## Required work
Output only the lines below from the one holding "Film reel on" down to the one holding "Schwangere Frau im", both end lines included and every picture dropped.

## Provided data
- Opening Delimiter -
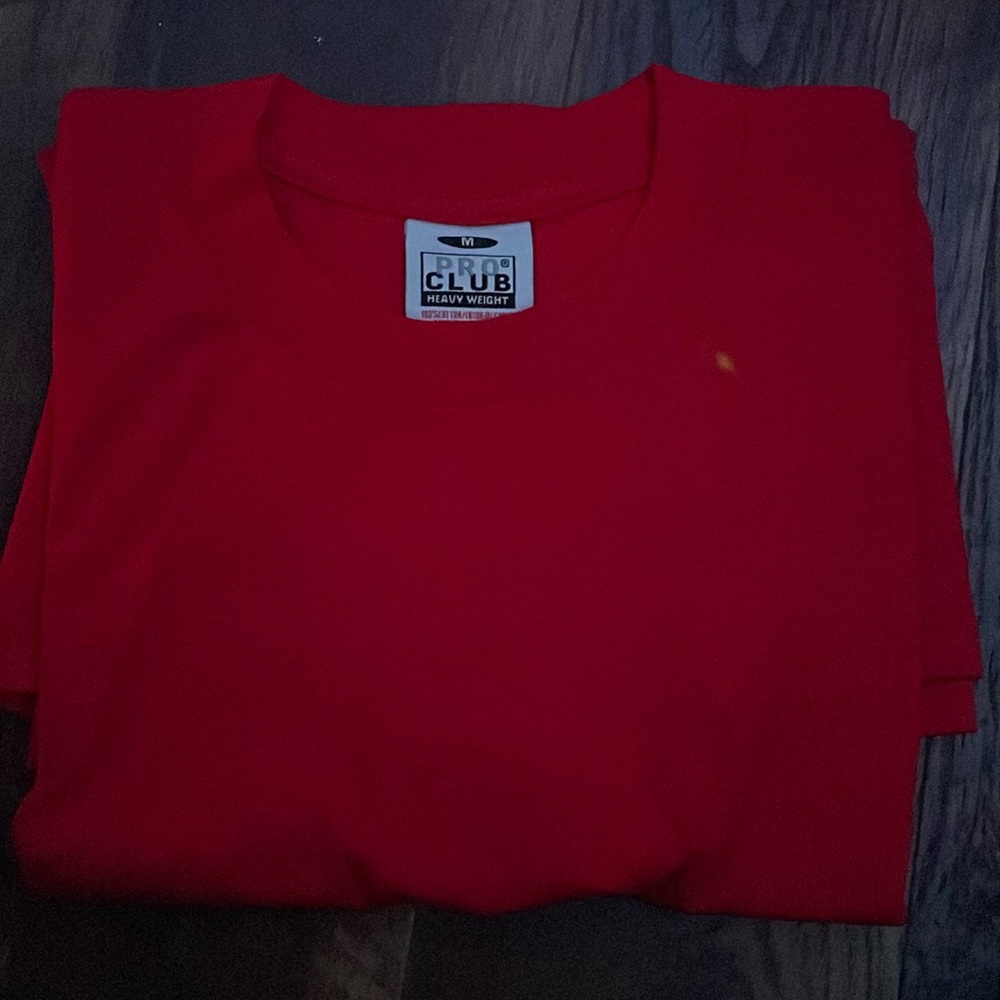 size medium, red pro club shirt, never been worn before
- Closing Delimiter -
- Opening Delimiter -
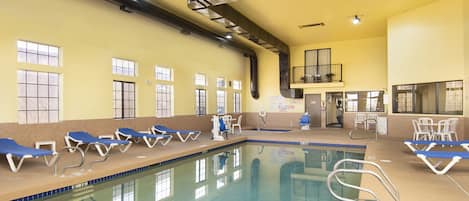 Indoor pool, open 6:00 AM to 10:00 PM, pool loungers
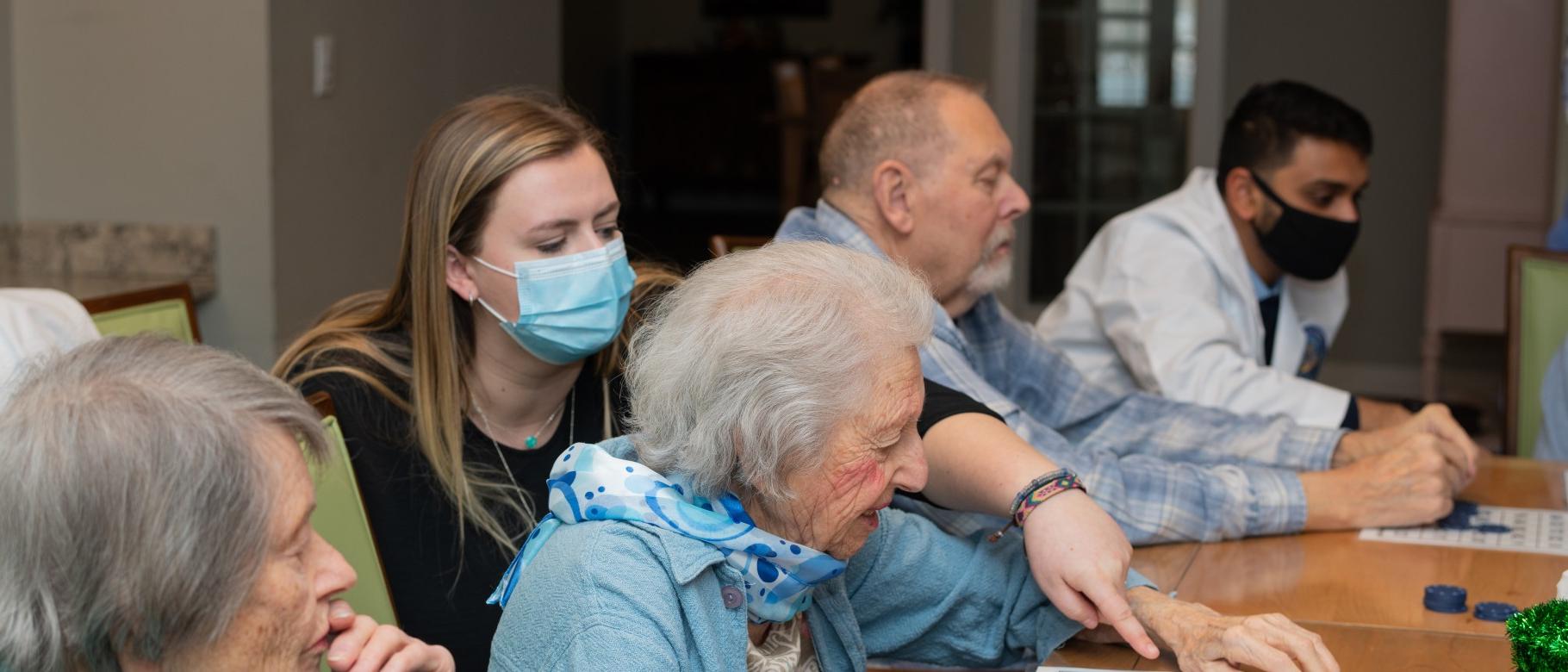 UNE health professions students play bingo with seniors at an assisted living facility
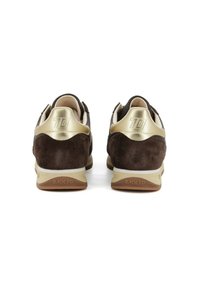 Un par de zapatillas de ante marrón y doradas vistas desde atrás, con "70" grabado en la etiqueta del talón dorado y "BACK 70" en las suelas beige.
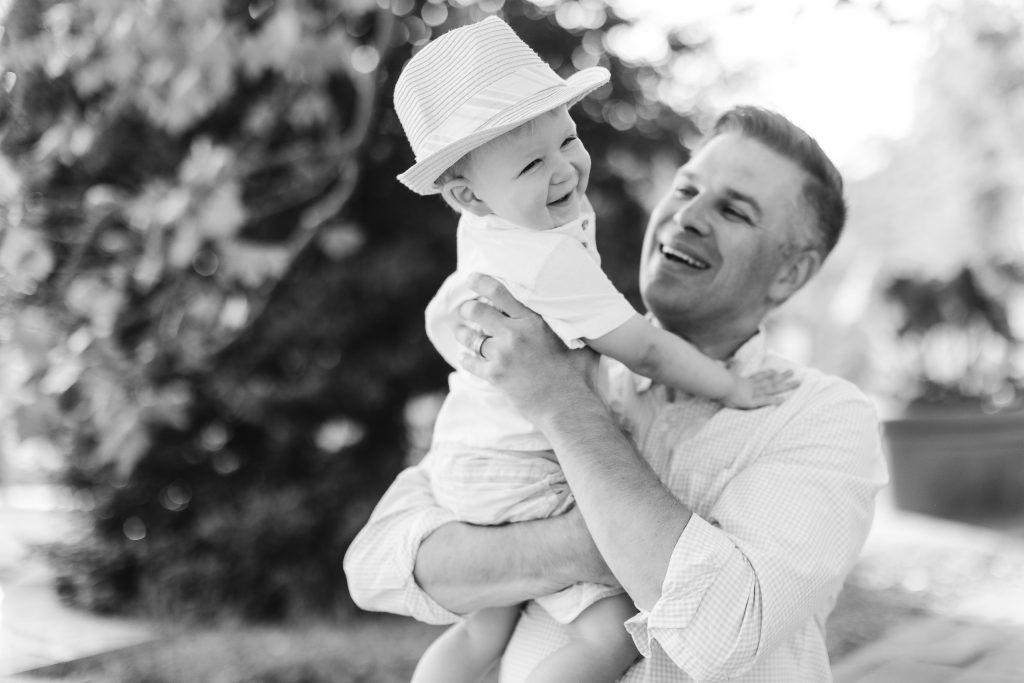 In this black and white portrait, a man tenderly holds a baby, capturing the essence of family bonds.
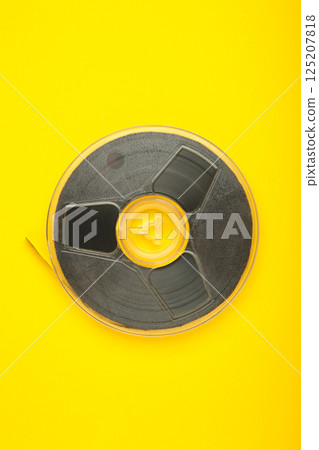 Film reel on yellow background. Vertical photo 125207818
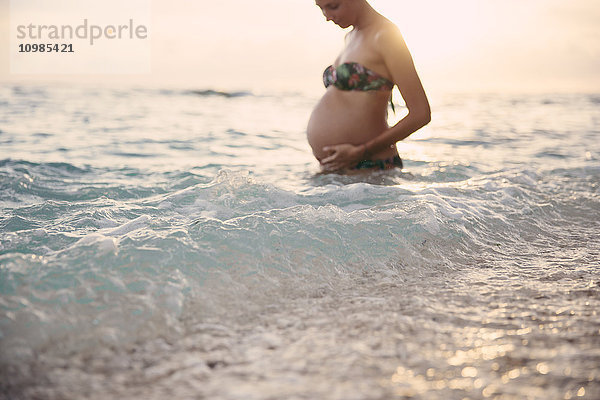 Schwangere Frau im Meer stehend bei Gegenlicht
- Closing Delimiter -
- Opening Delimiter -
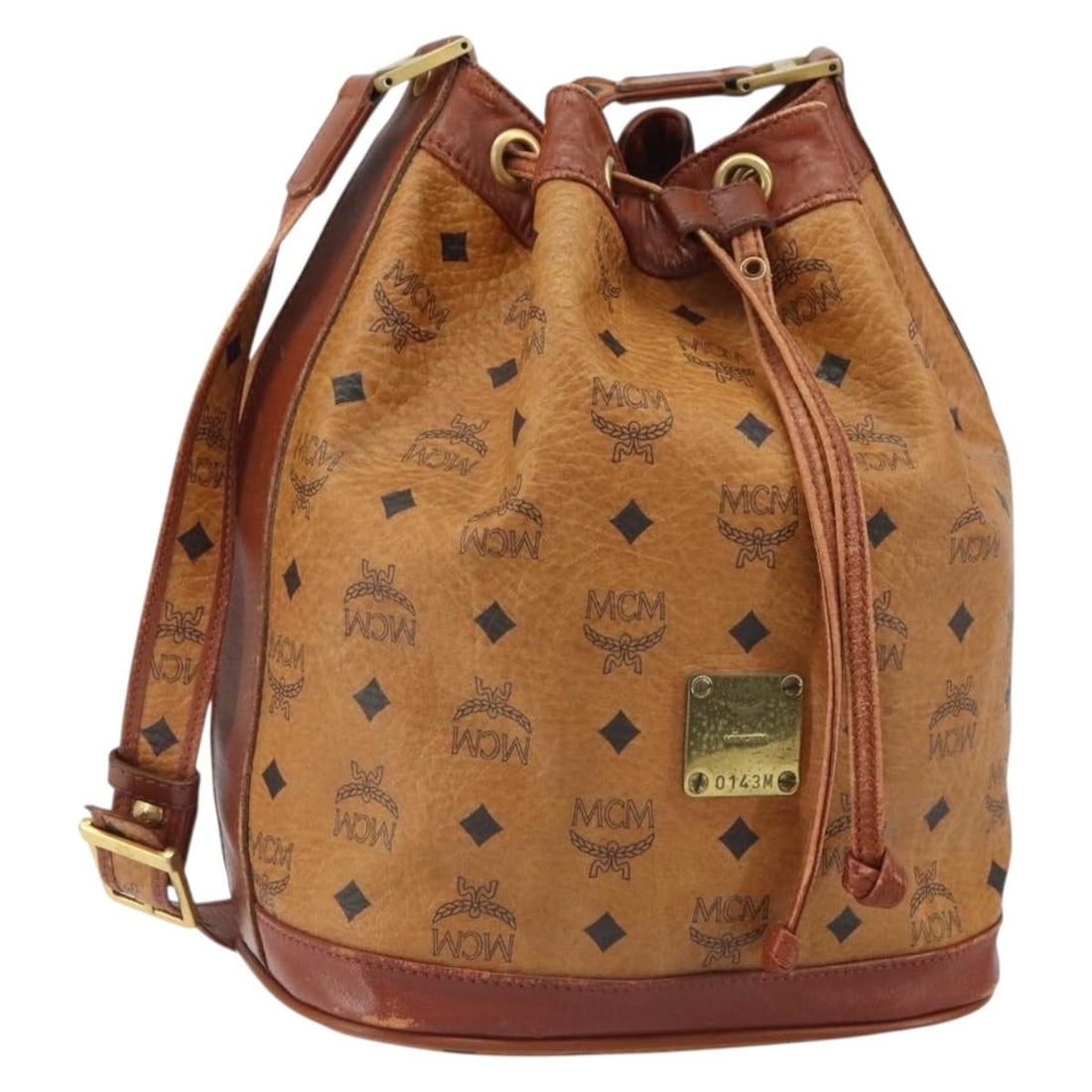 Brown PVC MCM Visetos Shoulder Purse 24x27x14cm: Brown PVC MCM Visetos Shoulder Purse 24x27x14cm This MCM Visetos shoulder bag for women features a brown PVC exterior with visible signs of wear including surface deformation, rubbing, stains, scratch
- Closing Delimiter -
## Final answer
 Film reel on yellow background. Vertical photo 125207818
 Schwangere Frau im Meer stehend bei Gegenlicht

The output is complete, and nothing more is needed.